寧父最近生了一場病,咳嗽不止。寧書回了一趟寧家,傅斯年還有要事,沒有一塊陪同著。
但是卻是派了劉副官。
除了劉副官,還有好幾個人一塊跟在后面,在腰上的槍都沉甸甸的防著。
寧父還是同以前沒有什么區別,但至少沒有之前那樣生氣了。也會叫他在少帥府上知道什么事情該做,什么事情不應該做。
到底是個男人,就不要像一個女人一樣,只會躲在傅少帥的身后。
寧書下來的時候,碰上了二姐。
二姐看到他,也是微愣了一下。然后一張小臉微微煞白,但那雙眼睛還是忍不住朝著青年的身后看去。
寧書心中
不由得覺得有些好笑。
他停了下來,出聲詢問:“二姐最近還好嗎?”
寧柔眼睛有些躲閃地輕輕點頭。
寧書那雙丹鳳眼直視了過去,然后張口道:“斯年沒來,讓二姐失望了。”
寧柔臉上出現一點不自在,但她很快咬唇道:“四弟弟,你這是什么意思?”她露出一點失望又傷心的神色:“你當初明明知道我是喜歡少帥的”
寧書沒再笑了,他看著面前的女人道:“我也問過二姐要不要去爭取,那時候的我還沒跟少帥有什么關系。少帥對二姐沒有情誼,又怎么能怪到我的頭上。”

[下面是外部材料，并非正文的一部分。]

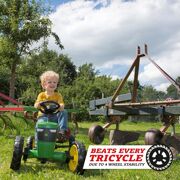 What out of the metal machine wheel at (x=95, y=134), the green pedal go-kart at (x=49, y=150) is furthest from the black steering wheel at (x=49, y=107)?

他以前還覺得寧柔比較通透,現在看來,是他不夠了解而已。
寧柔小臉一白,鎮定地說:“就算少帥現在寵愛你,將來他還是要娶姨太太的。少帥不可能沒有自己的孩子,更何況還是臨海這個地方。”
寧書知道自己沒法辯駁她,未來的事情他自己都不敢保證。他走過人身邊,輕吐一口氣說:“那就等他娶了再說吧。”
要是真娶了,他也不會留在府中礙著誰。
寧書發現,傅斯年最近限制了他的行動,就算是出門,也是劉副官一批人跟著。
他察覺到了一點不對勁。
但也說不上來是哪里不對勁。
但是寧書也沒有想到,意外會發生的那么突然。他只不過是同傅斯年去參加了一個宴會,哪知道在場的人就混亂了起來。
聽著那些尖叫聲。
寧書察覺到有一只手將自己拉了過去,是傅斯年。
軍爺沉穩冷靜地將他護在身后,帶著他一同走。
那雙墨藍色的眼眸帶著一點冷意:“他們還真的敢在這地方動手。”
大廳都亂了起來,劉副官帶著人馬進來。只是對面的人似乎早就有所準備,傅斯年一邊護著他,一邊拿著槍,響起了巨大的聲響。
一陣腳步聲傳了過來。
有人追著他們。
軍爺按著他的肩膀,讓他率先出了窗口。
寧書爬了出去。
但是誰也沒有想到,外邊似乎也有了埋伏。一陣槍聲傳了過來,軍爺抱著他在地上滾了一圈。
寧書聞到了血腥味,他看到了傅斯年的肩膀上多出了一個傷口。、
血淋淋的。
他瞳眸微微收縮,在那一瞬間,整個人都渾身發冷了起來。他捂著男人的傷口,軍爺把他拉起來,護著他,臉色冷然地有些可怕、
傅斯年低頭,親了一下他的額頭。
叫了他一聲太太。
寧書抿唇嘴唇,可能是臉色有些太過難看。軍爺抱著他的頭,冰涼道:“死不了。”
噪雜的腳步聲從后面傳了過來。
傅斯年的槍法如同他本人一樣無情冷血,只是劉副官遲遲都沒有到來。